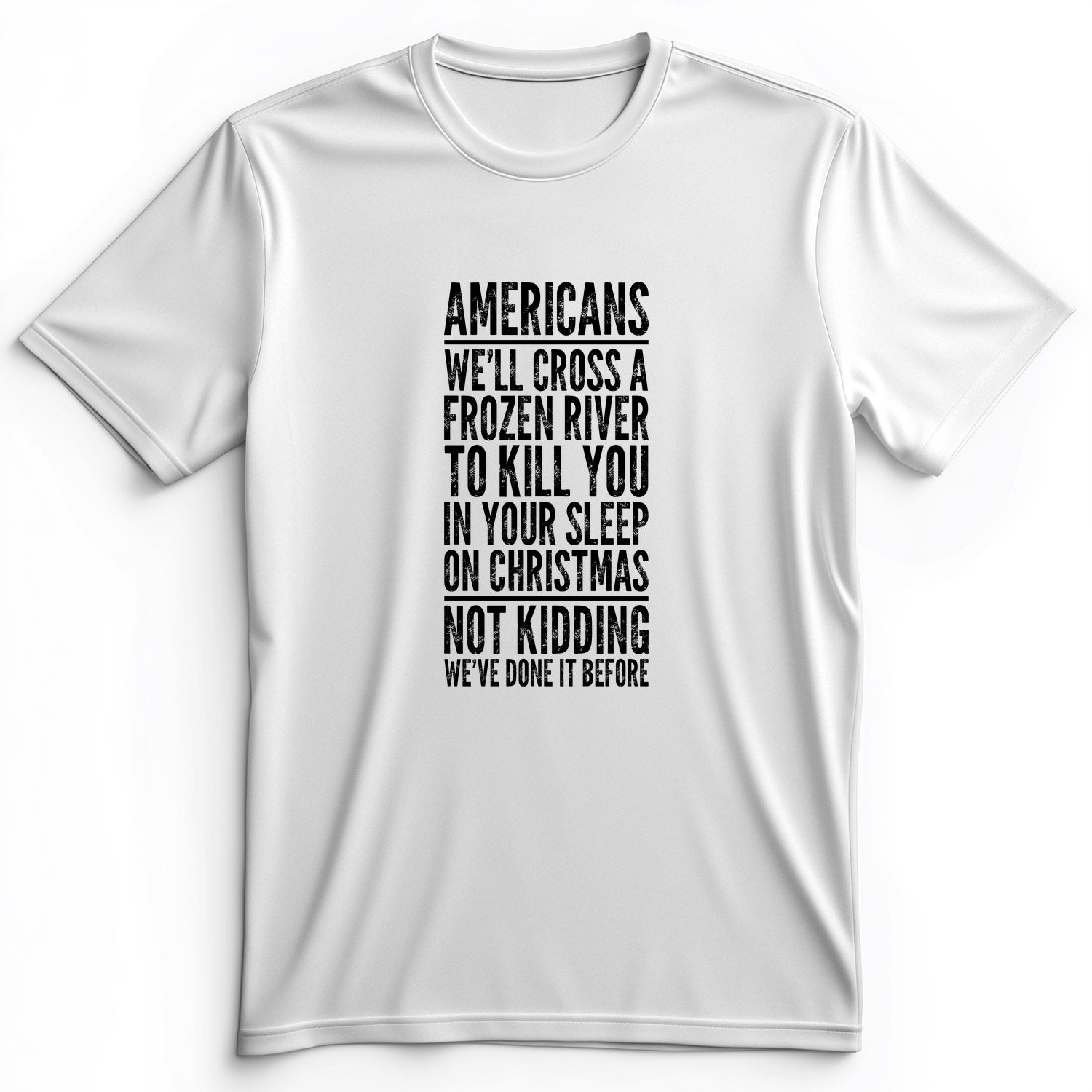 Cross A River On Xmas Premium Tee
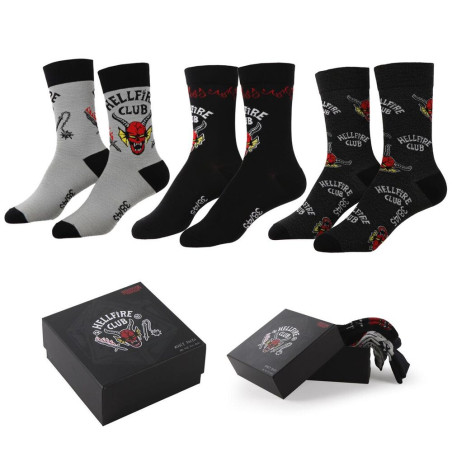 Set 3 Calcetines Stranger Things adulto - 8445484579406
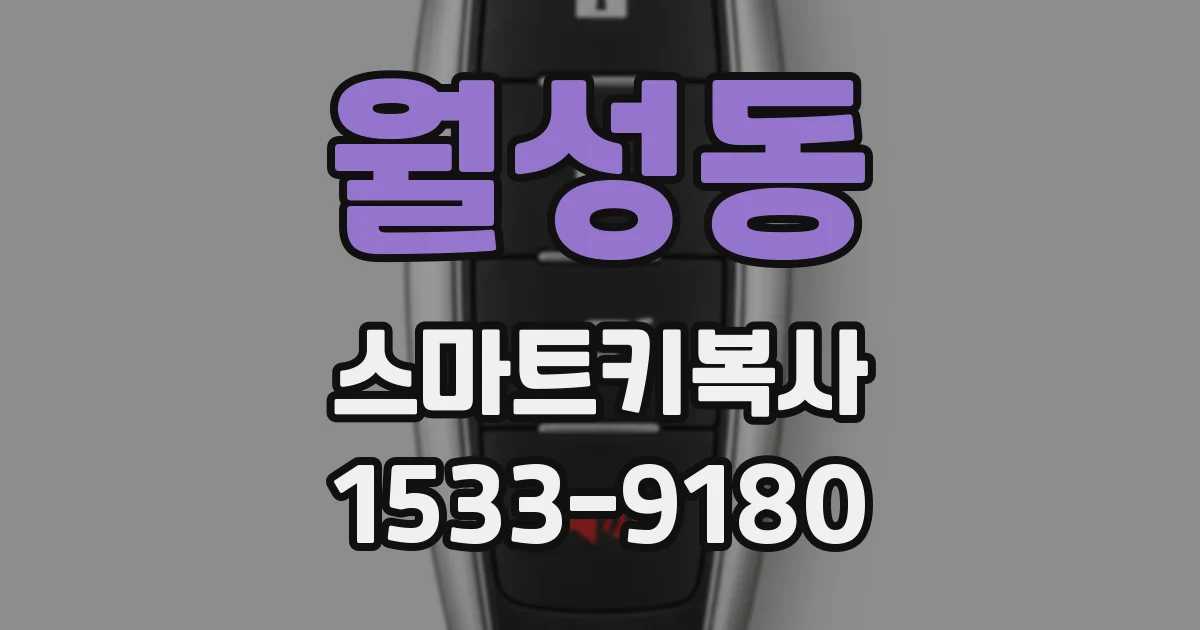 월성동 스마트키복사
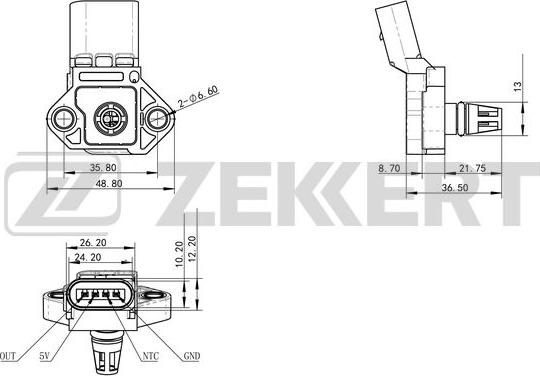 Zekkert SE-1035 - Devējs, Spiediens ieplūdes traktā autodraugiem.lv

Your objective |
Give back the full listing word for word, with the pictures left out.

Result of this task |
 Cross A River On Xmas Premium Tee
 Set 3 Calcetines Stranger Things adulto - 8445484579406
 월성동 스마트키복사
 Zekkert SE-1035 - Devējs, Spiediens ieplūdes traktā autodraugiem.lv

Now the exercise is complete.